Exercise goal. Below is a set of records, and all of them should be retyped exactly, minus the pictures.
^^^^
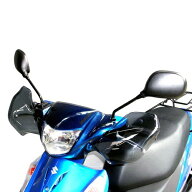 旭風防(af) AD-01 アドレスV125/G(CF46A/CF4EA) ナックルバイザー グレースモーク バイク ハンドガード・…
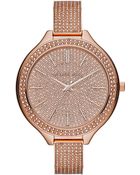 Michael Kors Ladies Glitz Slim Runway Watch - Lyst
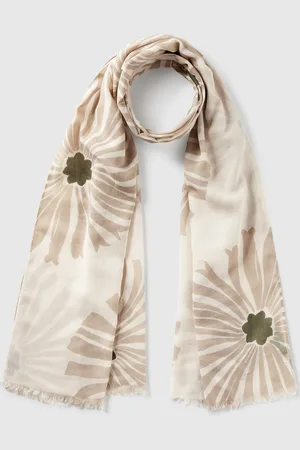 Benetton Benetton, Pattern Scarf In Linen Blend, size OS, , Women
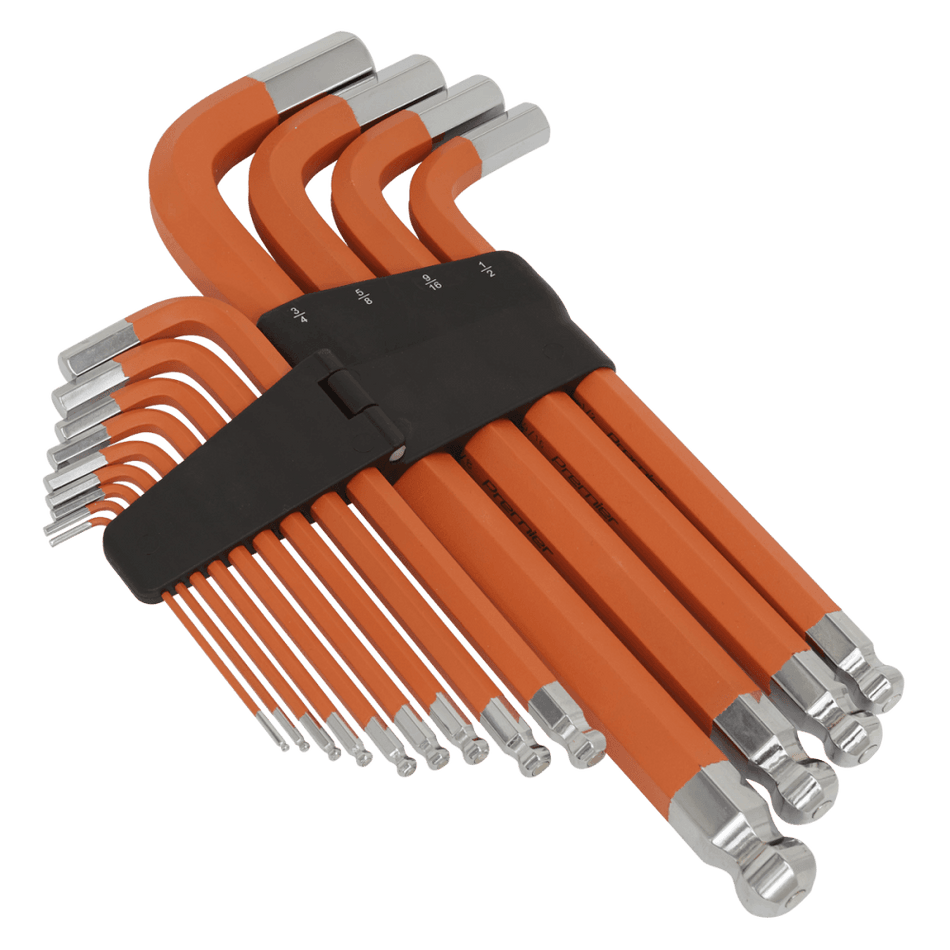 Jumbo Ball-End Hex Key Set 13pc Anti-Slip - Imperial Model No-AK71870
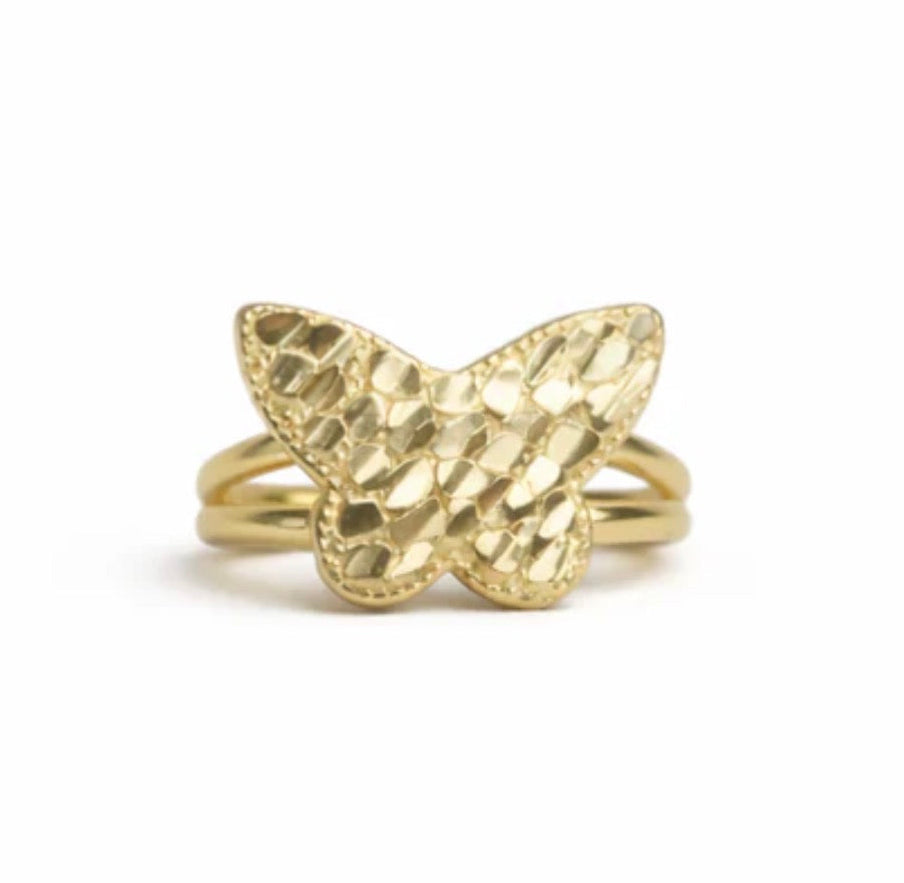 Butterfly Nugget Ring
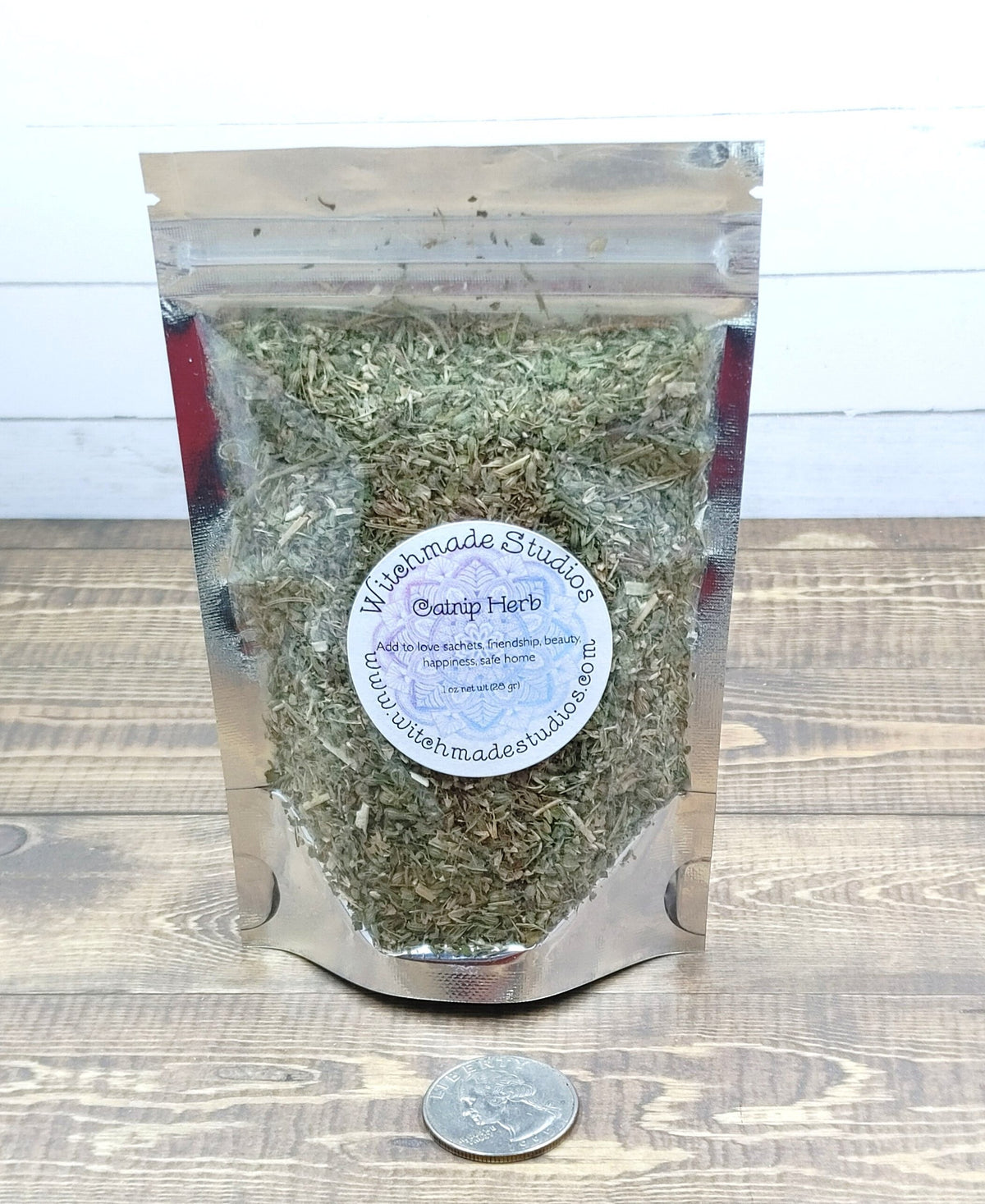 Catnip Herb, Love Sachets, Friendship, Beauty, Happiness, Safe Home  (1 oz)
^^^^
Written solution.
 旭風防(af) AD-01 アドレスV125/G(CF46A/CF4EA) ナックルバイザー グレースモーク バイク ハンドガード・…
 Michael Kors Ladies Glitz Slim Runway Watch - Lyst
 Benetton Benetton, Pattern Scarf In Linen Blend, size OS, , Women
 Jumbo Ball-End Hex Key Set 13pc Anti-Slip - Imperial Model No-AK71870
 Butterfly Nugget Ring
 Catnip Herb, Love Sachets, Friendship, Beauty, Happiness, Safe Home  (1 oz)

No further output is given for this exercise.